Verified ACAP applications
Axis devices support a rich ecosystem of partner-developed applications (ACAPs) that enhance functionality and introduce new features to our products. However, with that openness comes an important question - how can you be sure that every application installed on a device is trustworthy and will not compromise your device?
To strengthen security and reliability, the single most impactful change is that all ACAP applications used in production will need to go through a signing process that will be available to the public when AXIS OS 13 is launched. The option to install unsigned applications in production environments will be removed.
This signing process guarantees that each application is authentic, has not been tampered with, and that its source can be verified. In other words, it establishes a clear chain of trust between Axis, our partners, and end users.
These improvements are further supported by new requirements, such as explicitly declaring which AXIS OS versions an application is compatible with, helping prevent compatibility issues after updates. Together, these changes make the Axis ecosystem more secure, stable, and trustworthy for everyone.
Prioritize reviewing these ACAP changes
- Recompile all ACAP applications to support the new 64-bit time interface. Any outdated or incompatible applications must be removed before upgrading to ensure a successful installation.
- Sign all ACAP applications through the ACAP Portal and migrate to manifest. Json as the standard configuration file format using Manifest Schema v2 to define access rights and ensure explicit compatibility.
- ACAP applications that include post-install or pre-uninstall scripts must follow updated rules.
- Recompile any ACAP using an executable stack for compliance with the new security restrictions.
- Migrate your deep learning models and APIs to the latest standards.
Extending the hardware's lifespan
AXIS OS 13 includes a software tweak designed explicitly to reduce physical wear and tear. The feature is called PTZ continuous pan control. On a Pan-Tilt-Zoom camera, an operator could issue a command for the camera to pan continuously. Previously, the camera would obey that command indefinitely, moving until it was stopped or hit a mechanical limit. This constant motion could wear out the motors and other mechanical parts over time.
In AXIS OS 13, this behavior changes. If a camera is instructed to pan continuously, it will now automatically stop after 10 minutes. It is a perfect example of software intelligence being used to physically preserve the hardware it runs on.
Note: In specialized use cases, it will be possible to disable the timeout or change its value.

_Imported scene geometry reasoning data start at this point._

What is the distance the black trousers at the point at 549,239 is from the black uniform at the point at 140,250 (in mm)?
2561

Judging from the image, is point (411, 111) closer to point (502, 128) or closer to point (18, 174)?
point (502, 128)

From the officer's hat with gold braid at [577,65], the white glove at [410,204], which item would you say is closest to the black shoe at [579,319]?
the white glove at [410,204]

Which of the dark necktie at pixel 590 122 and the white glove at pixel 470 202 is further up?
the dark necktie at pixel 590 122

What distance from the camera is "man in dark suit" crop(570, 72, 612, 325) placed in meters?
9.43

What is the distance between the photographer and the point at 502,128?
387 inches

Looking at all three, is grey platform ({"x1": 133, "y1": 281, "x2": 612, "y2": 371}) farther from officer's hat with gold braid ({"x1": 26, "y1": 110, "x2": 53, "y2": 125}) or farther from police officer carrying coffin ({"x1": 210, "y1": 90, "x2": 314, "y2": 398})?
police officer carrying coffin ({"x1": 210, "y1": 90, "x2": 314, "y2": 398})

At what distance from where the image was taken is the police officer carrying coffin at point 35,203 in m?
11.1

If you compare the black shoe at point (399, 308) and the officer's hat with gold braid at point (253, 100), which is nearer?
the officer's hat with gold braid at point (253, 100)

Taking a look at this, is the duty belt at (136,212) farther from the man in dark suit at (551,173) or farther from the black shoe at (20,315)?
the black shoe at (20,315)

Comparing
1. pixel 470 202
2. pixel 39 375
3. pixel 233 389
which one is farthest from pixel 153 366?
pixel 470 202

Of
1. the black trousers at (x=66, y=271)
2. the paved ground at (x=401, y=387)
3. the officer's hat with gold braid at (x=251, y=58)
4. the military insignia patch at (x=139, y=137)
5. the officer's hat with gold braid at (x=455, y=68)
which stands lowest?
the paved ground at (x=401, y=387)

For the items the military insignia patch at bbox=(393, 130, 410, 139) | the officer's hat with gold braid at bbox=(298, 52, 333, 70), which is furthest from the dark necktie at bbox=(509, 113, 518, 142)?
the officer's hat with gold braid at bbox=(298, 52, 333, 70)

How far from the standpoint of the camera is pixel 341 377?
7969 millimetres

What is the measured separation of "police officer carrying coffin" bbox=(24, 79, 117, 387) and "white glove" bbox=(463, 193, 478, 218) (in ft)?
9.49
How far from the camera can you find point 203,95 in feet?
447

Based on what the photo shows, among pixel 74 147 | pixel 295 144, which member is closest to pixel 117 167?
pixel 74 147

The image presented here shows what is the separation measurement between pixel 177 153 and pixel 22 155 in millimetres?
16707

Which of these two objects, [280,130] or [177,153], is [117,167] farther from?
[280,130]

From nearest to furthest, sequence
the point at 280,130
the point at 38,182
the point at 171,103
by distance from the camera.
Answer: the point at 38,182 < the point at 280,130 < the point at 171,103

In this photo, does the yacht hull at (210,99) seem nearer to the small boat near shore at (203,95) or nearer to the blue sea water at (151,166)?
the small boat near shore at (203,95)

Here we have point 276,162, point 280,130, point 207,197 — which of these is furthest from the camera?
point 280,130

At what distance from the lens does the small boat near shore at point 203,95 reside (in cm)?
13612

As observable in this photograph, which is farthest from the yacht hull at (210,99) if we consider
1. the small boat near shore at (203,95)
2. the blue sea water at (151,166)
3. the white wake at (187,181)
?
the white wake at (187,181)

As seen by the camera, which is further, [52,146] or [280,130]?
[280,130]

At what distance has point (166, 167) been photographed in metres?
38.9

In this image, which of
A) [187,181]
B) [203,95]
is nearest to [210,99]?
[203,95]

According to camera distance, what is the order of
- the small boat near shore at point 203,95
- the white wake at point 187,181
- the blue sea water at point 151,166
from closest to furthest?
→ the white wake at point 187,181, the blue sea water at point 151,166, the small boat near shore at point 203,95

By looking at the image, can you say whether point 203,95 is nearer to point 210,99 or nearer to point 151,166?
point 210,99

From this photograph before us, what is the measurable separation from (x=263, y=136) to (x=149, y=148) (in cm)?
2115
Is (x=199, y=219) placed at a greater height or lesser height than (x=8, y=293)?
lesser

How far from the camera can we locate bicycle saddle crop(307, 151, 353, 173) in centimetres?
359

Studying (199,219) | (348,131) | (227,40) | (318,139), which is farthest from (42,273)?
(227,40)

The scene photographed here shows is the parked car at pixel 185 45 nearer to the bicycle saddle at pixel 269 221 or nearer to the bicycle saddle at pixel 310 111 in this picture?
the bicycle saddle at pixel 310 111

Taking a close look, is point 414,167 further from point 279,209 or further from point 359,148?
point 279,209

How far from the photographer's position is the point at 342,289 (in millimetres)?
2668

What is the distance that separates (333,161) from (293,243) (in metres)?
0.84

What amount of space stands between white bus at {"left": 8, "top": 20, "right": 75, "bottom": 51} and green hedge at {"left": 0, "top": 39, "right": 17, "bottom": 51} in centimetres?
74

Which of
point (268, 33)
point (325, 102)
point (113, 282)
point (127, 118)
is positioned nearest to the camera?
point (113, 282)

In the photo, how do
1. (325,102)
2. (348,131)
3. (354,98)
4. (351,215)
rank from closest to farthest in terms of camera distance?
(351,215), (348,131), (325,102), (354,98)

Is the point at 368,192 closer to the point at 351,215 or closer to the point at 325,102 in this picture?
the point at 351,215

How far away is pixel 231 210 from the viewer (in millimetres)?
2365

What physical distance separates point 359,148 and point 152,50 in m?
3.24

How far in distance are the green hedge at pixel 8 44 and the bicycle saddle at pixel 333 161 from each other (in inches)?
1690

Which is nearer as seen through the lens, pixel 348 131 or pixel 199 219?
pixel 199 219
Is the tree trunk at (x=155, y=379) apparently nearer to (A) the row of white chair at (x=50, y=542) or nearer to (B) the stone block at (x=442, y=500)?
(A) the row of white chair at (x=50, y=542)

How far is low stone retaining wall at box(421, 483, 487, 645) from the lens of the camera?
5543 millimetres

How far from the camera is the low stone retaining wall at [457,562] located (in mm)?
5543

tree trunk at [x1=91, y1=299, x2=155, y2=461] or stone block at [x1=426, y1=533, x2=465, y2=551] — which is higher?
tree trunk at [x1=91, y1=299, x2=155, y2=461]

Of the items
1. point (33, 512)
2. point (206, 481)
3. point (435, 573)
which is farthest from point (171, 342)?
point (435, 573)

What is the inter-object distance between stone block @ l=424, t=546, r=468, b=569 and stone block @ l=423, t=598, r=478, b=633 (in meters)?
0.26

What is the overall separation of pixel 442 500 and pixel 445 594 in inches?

Make sure you are informed
Developers preparing for AXIS OS 13 should prioritize reviewing and analyzing the upcoming changes to assess their potential impacts. Focus on the following key steps:
- Check out the full list of changes planned for the first version of AXIS OS 13, scheduled for release in September 2026.: Changes in AXIS OS 13
- Remove integrations relying on legacy or soon-to-be-unsupported VAPIX parameters and switch from deprecated recording API endpoints to recommended alternatives, ensuring all ongoing recordings are explicitly stopped before removal. Please search in the Breaking Changes release
- Replace outdated analytics applications and detectors with AXIS Object Analytics and AXIS Image Health Analytics. Please search in the Breaking Changes release
These steps are critical to ensure compatibility, maintain security, and leverage new stability improvements within AXIS OS 13. In april of 2026, there will be a test build available. It includes all breaking changes and will be available for download, allowing you to test and prepare for the upcoming release.